China’s Naval Build up

China has been modernizing its naval inventory and now boasts more than 300 ships, most of them are modern. China being the largest ship producing country is expected to have more than 400 ships and 100 submarines in the next 15 years.1 Although the threat might be exaggerated as technological advancements by the Chinese might significantly slow down grinding halt with rigorous investment screening processes being put in place by various western countries from which the Chinese State and Privately Owned Enterprises acquire technical companies and convert the technology for military use. Also, the state of the Chinese economy is unlikely to see the unprecedented growth experienced over the last 20 years.

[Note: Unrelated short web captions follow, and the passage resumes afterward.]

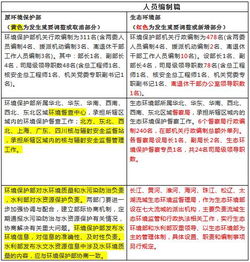 三定方案是指哪三定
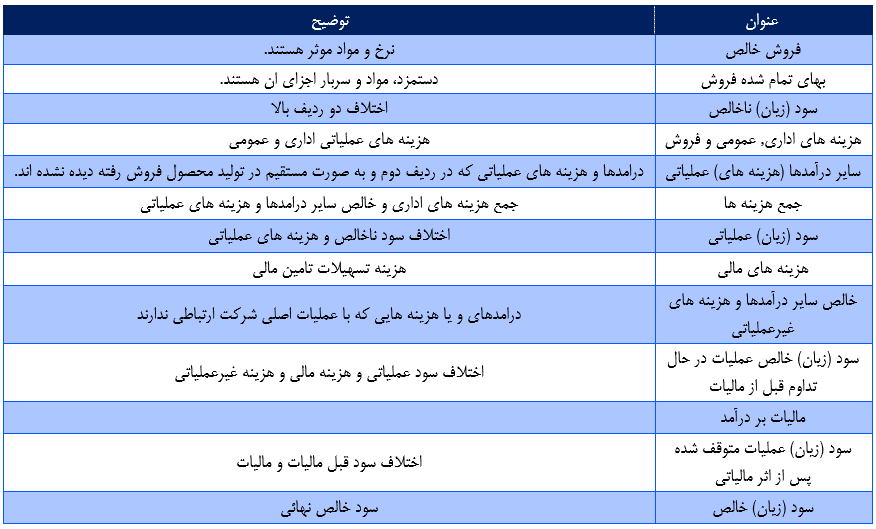 تحلیل بنیادی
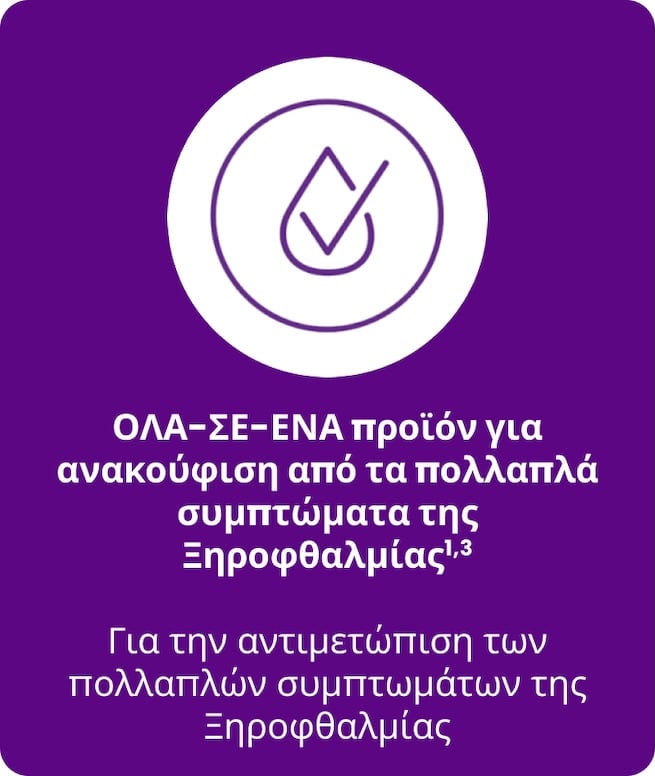 Ένα εικονίδιο σταγόνας και μια ετικέτα με το κείμενο 'Ανακούφιση Όλα σε Ένα για Πολλαπλά Συμπτώματα' με πρόσθετο κείμενο: 'Ανακούφιση για πολλαπλά συμπτώματα ξηροφθαλμίας'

This might slow down its shipbuilding and the military build-up.

Number of PLA Navy Ships Presented in Annual Department of Defence (DOD) Reports in Congress – figures include both older and less capable units including some of the questionable operational status and newer more capable units (

China, through its Communist party hard line mouthpiece, Global Times has opposed the reports by the U.S Defence Department and accused it of exaggerating China’s capabilities and to justify U.S military spending and the rising anti-Chinese sentiments. One Chinese expert even accused the defence establishment of coming out with hyped up reports in order to secure more funding from the Congress.2 However, information on technological advancement, the military budget, personnel deployed is open to speculation as the Chinese have an opaque system. All essential details are never disclosed by the Chinese President or by the Ministry of National Defense, or by any armed forces chief which is why the rest of the world has to rely on the U.S reports to get a closer, if not accurate, look into what the Chinese are up to and how far they have progressed year on year.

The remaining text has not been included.